I need to read PDF files from google storage without downloading them, since although it is done with download node, they are too many files, so that’s why I need to avoid having to download them.

image

In python script node I use this code to read the pdfs and extract the information, I have tried to put in the location the value of Google cloud storage File Picker node, also the value of the list remote files from GCP, but when executing the code I always get the error that Can’t find the specified directory, does anyone know how I can read PDF files remotely?

Hi @daviddelos - sorry for the delayed response here.

I may be misunderstanding the problem, but I don’t think there’s a way to do this without downloading the files in some way.
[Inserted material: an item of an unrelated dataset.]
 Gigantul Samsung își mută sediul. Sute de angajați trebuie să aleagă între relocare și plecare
Even if you were able to read the PDFs via a Python script node, that data would still be downloaded locally for Python to ingest, right?
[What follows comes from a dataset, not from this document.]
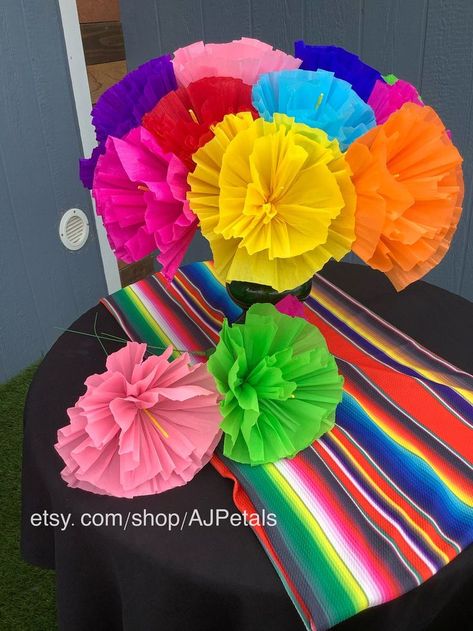 Fiesta Paper Flowers, Mexican Paper Flowers, Mexican Theme Party Decorations, Theme Carnaval, Classroom Arrangement, Mexican Party Decorations, Mexican Fiesta Party, Mexican Birthday, Fiesta Wedding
Maybe a workaround is some sort of loop where you only download and process a few PDFs at a time, then delete them to save space. I’m assuming disk space is your concern here?

(I could be way off base, and maybe there’s an easy solution I don’t know about - if that’s the case I hope someone else will chime in! I just haven’t seen anyone try to do remote GCP processing using a Python Script node before…)

2 Likes

Hi @ScottF,
Thanks for answering,
Yes, you understood my problem well.
And yes, I should not download the PDF because it is too large an amount of files and when I download them all at once my memory fills up, but your idea can help me, I will include a loop to download the PDF, extract the text from them and delete the file after the text has been extracted, before continuing.
Thanks for the idea.

1 Like

Hi @daviddelos,

I think that is the direction (no file downloading) with new file handling nodes. See this topic from previous release: excel reader 4.1 file connector port

And see here for from today’s release:
https://www.knime.com/whats-new-in-knime-42#file-handling-framework

Br,
Ivan

1 Like

This topic was automatically closed 182 days after the last reply. New replies are no longer allowed.